In the summer of 2016, Al Carbee's artwork was featured as part of the Musee Des Decoratifs Arts major exhibit on Barbie. Carbee's collage work was featured in a section of the exhibit which included artists inspired by Barbie.

==Magical Universe==
Al Carbee has been the subject of two documentary films by filmmaker Jeremy Workman: a five-minute short film entitled Carbee's Barbies and the feature-length documentary Magical Universe (2014), which was released by IFC Films in October 2014.
The first time Jeremy Workman met Carbee, he filmed his home and artwork, which led to the creation of the short film Carbee's Barbies. Carbee's Barbies was shown in some small regional film festivals.

After the release of Carbee's Barbies, Carbee began corresponding with the filmmaker through long type-written letters and rambling video letters.
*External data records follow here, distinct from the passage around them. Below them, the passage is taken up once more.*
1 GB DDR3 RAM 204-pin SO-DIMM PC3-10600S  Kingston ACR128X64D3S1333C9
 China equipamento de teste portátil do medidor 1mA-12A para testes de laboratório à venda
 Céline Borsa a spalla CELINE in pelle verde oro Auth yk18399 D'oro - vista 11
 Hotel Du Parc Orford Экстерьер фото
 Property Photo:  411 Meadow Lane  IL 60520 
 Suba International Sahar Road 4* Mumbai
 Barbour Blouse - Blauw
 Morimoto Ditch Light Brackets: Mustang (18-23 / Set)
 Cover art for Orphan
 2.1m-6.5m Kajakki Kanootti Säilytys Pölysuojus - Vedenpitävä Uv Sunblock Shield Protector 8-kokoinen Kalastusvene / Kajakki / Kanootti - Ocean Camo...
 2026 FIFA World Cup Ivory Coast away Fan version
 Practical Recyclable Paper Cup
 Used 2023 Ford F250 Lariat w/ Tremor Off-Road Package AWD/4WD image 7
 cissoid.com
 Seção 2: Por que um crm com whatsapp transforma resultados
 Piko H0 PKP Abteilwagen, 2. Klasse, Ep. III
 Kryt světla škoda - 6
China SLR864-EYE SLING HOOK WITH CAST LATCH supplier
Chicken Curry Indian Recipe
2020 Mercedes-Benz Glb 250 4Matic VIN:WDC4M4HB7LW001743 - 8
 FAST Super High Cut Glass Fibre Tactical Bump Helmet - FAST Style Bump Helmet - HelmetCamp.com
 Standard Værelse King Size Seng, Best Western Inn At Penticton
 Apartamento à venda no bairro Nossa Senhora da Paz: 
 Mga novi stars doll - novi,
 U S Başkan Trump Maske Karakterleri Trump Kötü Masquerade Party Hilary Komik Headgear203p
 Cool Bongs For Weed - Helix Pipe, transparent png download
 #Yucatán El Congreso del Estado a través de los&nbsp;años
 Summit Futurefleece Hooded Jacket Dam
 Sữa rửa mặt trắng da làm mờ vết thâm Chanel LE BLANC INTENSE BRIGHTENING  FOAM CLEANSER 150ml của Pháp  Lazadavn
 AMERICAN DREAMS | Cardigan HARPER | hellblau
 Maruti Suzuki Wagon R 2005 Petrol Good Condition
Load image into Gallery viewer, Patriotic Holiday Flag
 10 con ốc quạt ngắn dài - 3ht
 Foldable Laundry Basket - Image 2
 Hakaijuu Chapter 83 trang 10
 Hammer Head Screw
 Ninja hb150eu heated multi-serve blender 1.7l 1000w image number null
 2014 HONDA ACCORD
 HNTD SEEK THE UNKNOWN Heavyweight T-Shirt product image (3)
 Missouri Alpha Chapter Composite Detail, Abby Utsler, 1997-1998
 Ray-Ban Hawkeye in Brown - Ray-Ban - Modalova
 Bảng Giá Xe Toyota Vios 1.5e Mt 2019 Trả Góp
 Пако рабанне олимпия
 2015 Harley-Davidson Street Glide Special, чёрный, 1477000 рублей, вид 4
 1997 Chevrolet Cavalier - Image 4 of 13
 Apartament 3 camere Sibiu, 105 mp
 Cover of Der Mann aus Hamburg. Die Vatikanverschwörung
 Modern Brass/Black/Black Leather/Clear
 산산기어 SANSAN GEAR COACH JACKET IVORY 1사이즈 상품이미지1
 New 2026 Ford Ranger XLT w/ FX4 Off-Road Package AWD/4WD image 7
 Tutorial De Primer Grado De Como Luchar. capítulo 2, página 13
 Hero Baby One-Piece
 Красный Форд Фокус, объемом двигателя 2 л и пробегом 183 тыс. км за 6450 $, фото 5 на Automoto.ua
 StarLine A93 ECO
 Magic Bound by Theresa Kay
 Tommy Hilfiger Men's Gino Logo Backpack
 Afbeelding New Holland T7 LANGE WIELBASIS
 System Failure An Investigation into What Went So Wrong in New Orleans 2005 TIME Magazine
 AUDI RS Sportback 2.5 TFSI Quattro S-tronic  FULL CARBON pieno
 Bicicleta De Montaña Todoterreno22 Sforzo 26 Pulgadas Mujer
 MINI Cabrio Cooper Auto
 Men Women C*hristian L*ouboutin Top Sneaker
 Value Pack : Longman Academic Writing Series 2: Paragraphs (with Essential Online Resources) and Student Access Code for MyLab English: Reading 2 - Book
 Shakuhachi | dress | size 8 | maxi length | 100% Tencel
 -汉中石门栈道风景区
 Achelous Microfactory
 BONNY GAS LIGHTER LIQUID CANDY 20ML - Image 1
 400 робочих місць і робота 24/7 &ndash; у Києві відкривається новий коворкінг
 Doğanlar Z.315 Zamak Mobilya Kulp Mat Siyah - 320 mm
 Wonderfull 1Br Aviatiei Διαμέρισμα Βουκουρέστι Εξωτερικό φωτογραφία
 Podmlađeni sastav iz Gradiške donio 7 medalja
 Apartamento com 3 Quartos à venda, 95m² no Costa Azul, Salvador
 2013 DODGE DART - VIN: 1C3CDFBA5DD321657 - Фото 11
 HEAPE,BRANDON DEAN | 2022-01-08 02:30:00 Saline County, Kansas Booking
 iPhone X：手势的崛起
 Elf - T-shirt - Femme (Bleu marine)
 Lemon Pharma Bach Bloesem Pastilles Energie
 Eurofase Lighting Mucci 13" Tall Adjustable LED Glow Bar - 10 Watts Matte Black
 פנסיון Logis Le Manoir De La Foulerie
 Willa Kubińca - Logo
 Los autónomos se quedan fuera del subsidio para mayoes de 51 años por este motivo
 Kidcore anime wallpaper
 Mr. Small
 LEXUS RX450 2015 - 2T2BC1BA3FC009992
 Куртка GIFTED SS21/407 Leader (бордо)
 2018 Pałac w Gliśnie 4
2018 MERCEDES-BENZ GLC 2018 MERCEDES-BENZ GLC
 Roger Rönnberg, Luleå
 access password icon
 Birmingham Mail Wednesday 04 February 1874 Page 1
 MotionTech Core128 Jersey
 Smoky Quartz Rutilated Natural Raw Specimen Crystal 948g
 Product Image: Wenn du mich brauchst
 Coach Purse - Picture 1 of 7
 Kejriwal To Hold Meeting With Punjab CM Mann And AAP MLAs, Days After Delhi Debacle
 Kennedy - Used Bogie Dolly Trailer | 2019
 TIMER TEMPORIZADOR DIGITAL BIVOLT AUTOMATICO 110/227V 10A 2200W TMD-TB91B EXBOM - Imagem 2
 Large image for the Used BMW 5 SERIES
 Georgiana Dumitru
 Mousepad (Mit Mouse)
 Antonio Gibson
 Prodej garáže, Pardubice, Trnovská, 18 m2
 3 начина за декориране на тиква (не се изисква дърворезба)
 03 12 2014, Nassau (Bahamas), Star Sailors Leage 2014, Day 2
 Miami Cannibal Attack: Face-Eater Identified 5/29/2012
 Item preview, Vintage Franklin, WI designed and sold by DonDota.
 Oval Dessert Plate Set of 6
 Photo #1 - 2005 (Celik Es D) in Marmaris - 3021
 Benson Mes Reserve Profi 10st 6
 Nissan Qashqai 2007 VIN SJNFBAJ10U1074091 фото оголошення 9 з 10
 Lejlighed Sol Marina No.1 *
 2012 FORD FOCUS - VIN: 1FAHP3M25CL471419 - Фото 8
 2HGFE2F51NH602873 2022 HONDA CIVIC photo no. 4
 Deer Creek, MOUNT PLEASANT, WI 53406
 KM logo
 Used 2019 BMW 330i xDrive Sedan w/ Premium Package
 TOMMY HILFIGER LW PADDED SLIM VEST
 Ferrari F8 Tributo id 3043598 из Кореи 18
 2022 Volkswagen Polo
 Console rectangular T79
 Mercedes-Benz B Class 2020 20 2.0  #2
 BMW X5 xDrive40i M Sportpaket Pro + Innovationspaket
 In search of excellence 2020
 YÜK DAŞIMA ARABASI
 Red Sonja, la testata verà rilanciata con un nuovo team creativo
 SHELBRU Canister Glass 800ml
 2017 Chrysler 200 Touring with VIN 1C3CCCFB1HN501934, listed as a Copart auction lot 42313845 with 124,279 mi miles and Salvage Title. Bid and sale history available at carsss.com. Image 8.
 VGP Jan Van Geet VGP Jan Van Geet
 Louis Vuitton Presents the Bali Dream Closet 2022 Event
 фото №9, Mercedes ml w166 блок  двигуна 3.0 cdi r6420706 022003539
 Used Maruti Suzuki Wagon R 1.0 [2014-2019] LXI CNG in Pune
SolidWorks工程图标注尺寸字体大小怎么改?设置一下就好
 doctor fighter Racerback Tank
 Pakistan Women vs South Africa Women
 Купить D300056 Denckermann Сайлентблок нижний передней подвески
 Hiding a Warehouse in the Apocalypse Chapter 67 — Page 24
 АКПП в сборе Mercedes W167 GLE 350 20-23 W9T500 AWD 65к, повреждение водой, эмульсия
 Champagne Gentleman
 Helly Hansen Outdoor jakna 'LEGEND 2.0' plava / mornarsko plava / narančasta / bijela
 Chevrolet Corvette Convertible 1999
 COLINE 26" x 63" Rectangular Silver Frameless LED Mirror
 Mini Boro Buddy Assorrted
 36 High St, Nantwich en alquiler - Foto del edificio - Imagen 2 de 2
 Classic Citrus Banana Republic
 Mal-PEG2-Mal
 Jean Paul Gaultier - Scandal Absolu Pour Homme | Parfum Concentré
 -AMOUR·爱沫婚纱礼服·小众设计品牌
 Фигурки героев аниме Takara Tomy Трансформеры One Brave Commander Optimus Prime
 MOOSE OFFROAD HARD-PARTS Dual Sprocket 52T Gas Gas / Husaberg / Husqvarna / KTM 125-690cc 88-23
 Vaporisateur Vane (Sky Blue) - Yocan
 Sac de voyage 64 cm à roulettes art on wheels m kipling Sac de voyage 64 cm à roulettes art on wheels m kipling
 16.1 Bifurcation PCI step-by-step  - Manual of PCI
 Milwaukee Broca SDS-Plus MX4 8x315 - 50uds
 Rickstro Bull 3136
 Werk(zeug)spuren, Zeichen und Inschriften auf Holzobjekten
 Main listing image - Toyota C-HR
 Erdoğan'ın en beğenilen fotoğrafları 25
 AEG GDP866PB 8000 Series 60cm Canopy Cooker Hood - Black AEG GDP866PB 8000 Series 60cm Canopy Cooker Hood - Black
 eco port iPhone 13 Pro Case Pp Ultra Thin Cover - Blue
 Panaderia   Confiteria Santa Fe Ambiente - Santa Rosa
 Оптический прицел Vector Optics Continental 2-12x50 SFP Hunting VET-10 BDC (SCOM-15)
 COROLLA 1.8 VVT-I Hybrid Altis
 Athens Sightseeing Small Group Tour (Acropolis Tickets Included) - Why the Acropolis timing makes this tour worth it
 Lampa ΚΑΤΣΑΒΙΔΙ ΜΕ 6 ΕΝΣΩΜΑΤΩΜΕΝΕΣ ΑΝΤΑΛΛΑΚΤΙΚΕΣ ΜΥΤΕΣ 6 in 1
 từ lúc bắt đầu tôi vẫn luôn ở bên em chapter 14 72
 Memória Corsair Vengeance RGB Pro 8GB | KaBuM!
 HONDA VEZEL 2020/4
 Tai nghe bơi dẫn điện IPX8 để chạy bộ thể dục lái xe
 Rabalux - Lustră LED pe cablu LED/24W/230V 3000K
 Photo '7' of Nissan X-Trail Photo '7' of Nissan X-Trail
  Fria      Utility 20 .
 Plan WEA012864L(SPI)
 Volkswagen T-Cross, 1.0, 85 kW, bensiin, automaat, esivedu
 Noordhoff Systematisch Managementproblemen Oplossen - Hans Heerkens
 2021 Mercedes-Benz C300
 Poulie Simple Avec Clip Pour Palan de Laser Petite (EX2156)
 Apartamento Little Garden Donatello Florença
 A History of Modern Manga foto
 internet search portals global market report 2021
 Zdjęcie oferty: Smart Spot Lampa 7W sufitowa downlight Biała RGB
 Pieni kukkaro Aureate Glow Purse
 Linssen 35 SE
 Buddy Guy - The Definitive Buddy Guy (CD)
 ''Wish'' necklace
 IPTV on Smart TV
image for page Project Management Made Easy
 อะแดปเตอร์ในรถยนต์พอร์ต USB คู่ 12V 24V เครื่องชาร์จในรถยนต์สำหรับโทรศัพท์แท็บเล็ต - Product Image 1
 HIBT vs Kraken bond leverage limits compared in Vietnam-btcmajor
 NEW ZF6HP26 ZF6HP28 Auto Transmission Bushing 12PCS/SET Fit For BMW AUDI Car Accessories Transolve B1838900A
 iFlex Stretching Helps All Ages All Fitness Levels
This went on for several years, which led to Carbee's story evolving into the feature-length documentary called Magical Universe.

After winning numerous film festival awards and citations, Magical Universe subsequently was acquired by IFC Films and released theatrically throughout the United States on October 31, 2014. It has garnered wide acclaim and created new interest for the art work of Al Carbee.